**** Recorded data
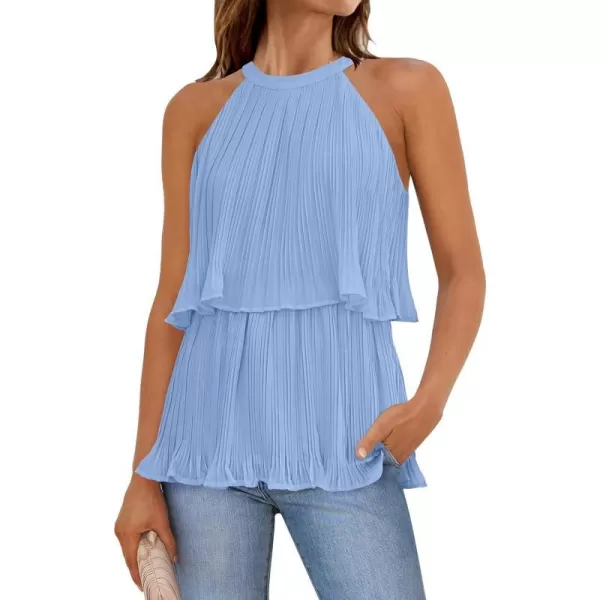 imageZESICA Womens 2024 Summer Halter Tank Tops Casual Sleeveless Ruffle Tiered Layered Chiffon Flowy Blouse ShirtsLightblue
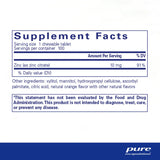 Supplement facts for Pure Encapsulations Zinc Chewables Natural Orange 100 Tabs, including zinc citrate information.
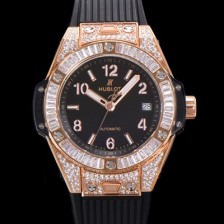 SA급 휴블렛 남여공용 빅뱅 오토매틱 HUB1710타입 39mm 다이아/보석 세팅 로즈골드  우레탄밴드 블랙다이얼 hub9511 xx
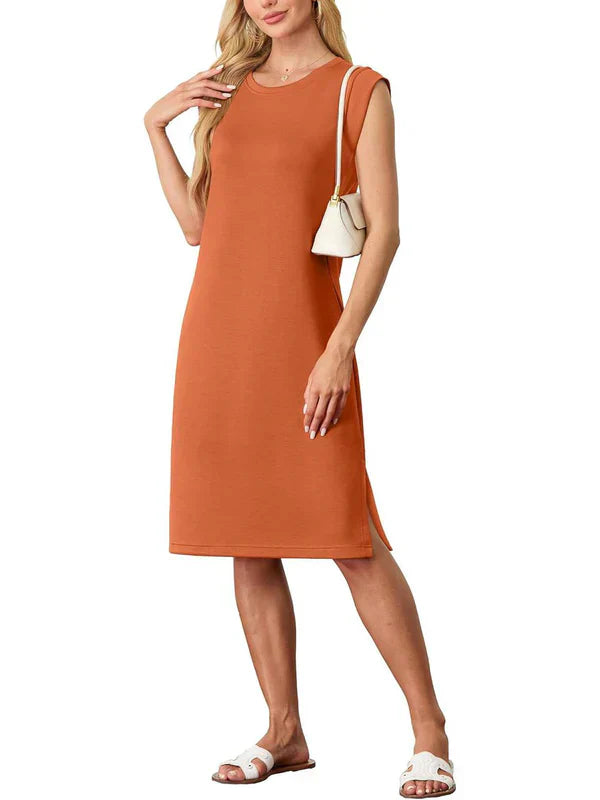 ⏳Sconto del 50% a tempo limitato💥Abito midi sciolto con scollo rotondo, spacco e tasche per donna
********
**** Recorded data
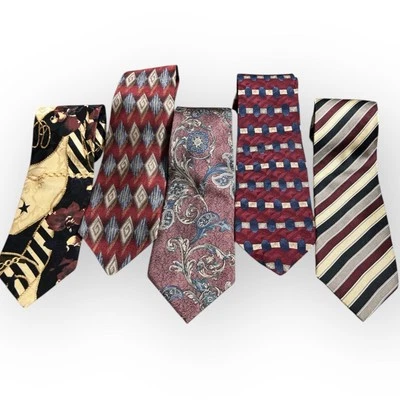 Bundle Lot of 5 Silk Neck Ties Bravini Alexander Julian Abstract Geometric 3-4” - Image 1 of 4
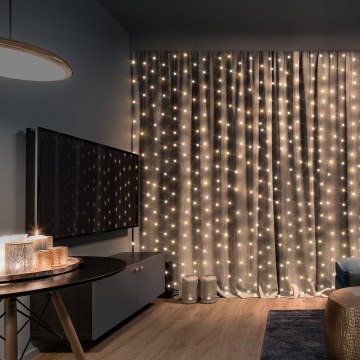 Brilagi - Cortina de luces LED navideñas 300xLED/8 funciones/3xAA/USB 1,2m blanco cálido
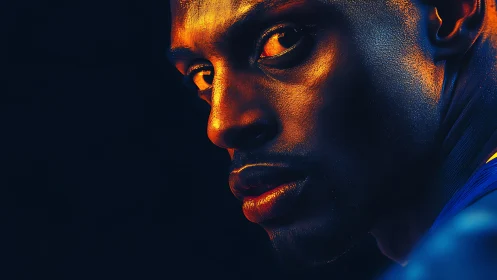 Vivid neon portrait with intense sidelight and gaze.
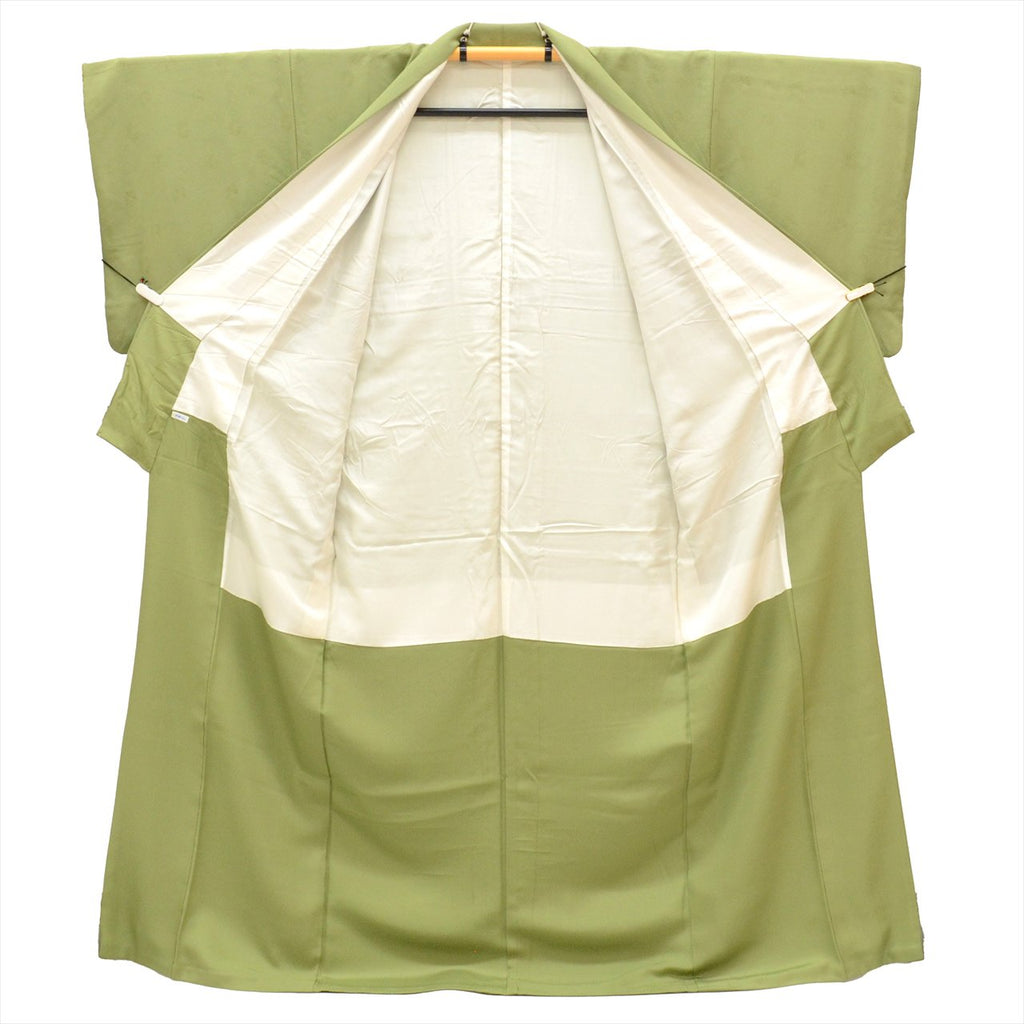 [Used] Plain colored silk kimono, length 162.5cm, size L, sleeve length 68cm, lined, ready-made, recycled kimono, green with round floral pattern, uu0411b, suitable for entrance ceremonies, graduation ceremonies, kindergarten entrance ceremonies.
********
Aim of the task: Reproduce word for word, with pictures dropped, only the part of the material above that opens with the line containing "Bundle Lot of" and closes with the line containing "[Used] Plain colored".

Written answer:
 Bundle Lot of 5 Silk Neck Ties Bravini Alexander Julian Abstract Geometric 3-4” - Image 1 of 4
 Brilagi - Cortina de luces LED navideñas 300xLED/8 funciones/3xAA/USB 1,2m blanco cálido
 Vivid neon portrait with intense sidelight and gaze.
 [Used] Plain colored silk kimono, length 162.5cm, size L, sleeve length 68cm, lined, ready-made, recycled kimono, green with round floral pattern, uu0411b, suitable for entrance ceremonies, graduation ceremonies, kindergarten entrance ceremonies.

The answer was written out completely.